アイデアを出したのは地元の商工会でした。
国見町は自然が豊かで農畜産品や水産品は豊富にありますが、そのほとんどが一次産品です。
地域の名前が立つような名物が欲しい。
商工会が目を付けたのが地元商店街で人気の総菜である佐久間商店のさばの味噌煮です。
骨まで食べられるサバの味噌煮として全国的に知られる商品になっていた地元のグルメ。
これをなんとか生かせないかと考えました。
サバの味噌煮そのままでは出せないし、かといって二次調理したらせっかくの味がそこなわれます。
煮詰まる商工会メンバー。
そんなとき、一人の青年の「これでハンバーガーを作ったら?」という何気ない一言がきかっけで誕生したのが現在の国見バーガーだったのです。
シリーズ全5種をラインナップ
できあがった試作品は、佐久間商店のサバの味噌煮をメインに、地元産のトマト、レタス、タマネギを加え、町内の佐久間パン店のバンズで挟んだオール国見の新バーガーでした。
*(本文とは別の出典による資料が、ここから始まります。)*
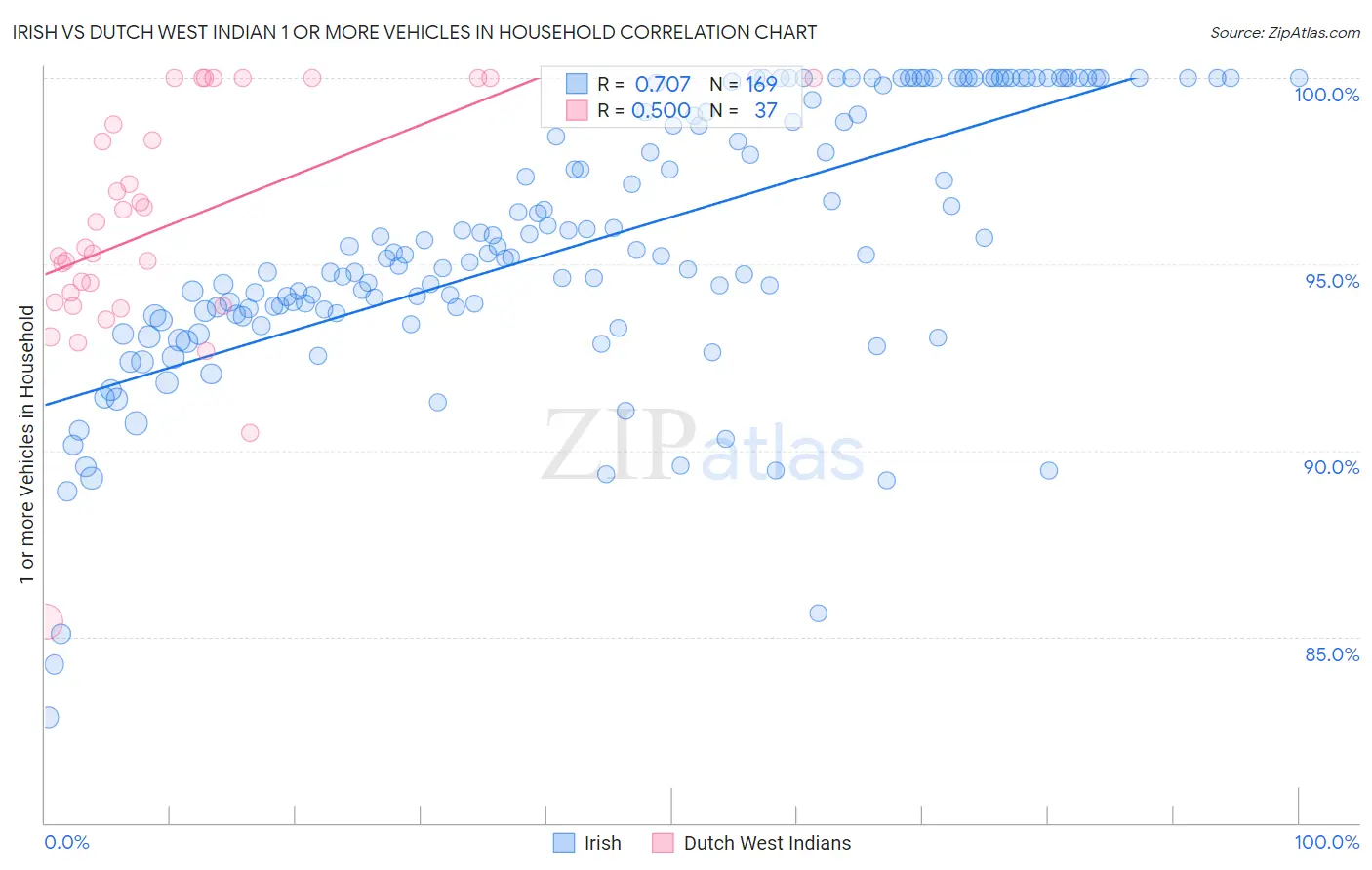 Irish vs Dutch West Indian 1 or more Vehicles in Household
さっそく、商店街のイベントの目玉として売り出したところ好評を博したことから、商工会では事業化に動き、翌2013年には専用のキッチンカーをしたてて定期販売に踏み切りました。
その後、第二弾として町内のひふみ食堂のチーズ入りチキンソースカツを使った国見バーガー2も誕生。
隠れた地域グルメとして知られるようになっていた2014年10月、福島県で開催された東日本初のご当地バーガーグランプリふくしまバーガーサミット2014で、東北6県と関東の一部を加えた参加25品の中から、グランプリを獲得したのです。
メディアの取材が訪れるようになると、噂を聞きつけた商業施設から出店の依頼が舞い込むようになり地域グルメとしての地歩を築いていきました。
現在ではラインナップも拡大し、イベント限定品や季節限定品をのぞくと、麹なんばん味噌、ホット・チリ、ポテトサラダの3品を加えた全5種類になり、県外からも噂を聞きつけて販売所を訪れる人が増えたということです。
団体商標の利用で地域ブランドを育成へ
今回、商工会が取得した商標登録は通常の商標ではなく団体商標です。
団体商標とは団体の構成員に使わせる目的で商標を登録できる特別な制度。
業界団体が加盟企業に交付する品質保証マークや、地域グランドの育成のための商標登録に活用されています。
従来は社団法人や組合にのみしか登録できませんでしたが、平成27(2015)年の改正商標審査基準により商工会やNPO法人も利用できるようになったものです。
この機会に商工会ではさっそく国見バーガーの団体商標を取得。
新たな地域ブランドとして育成を図る考えです。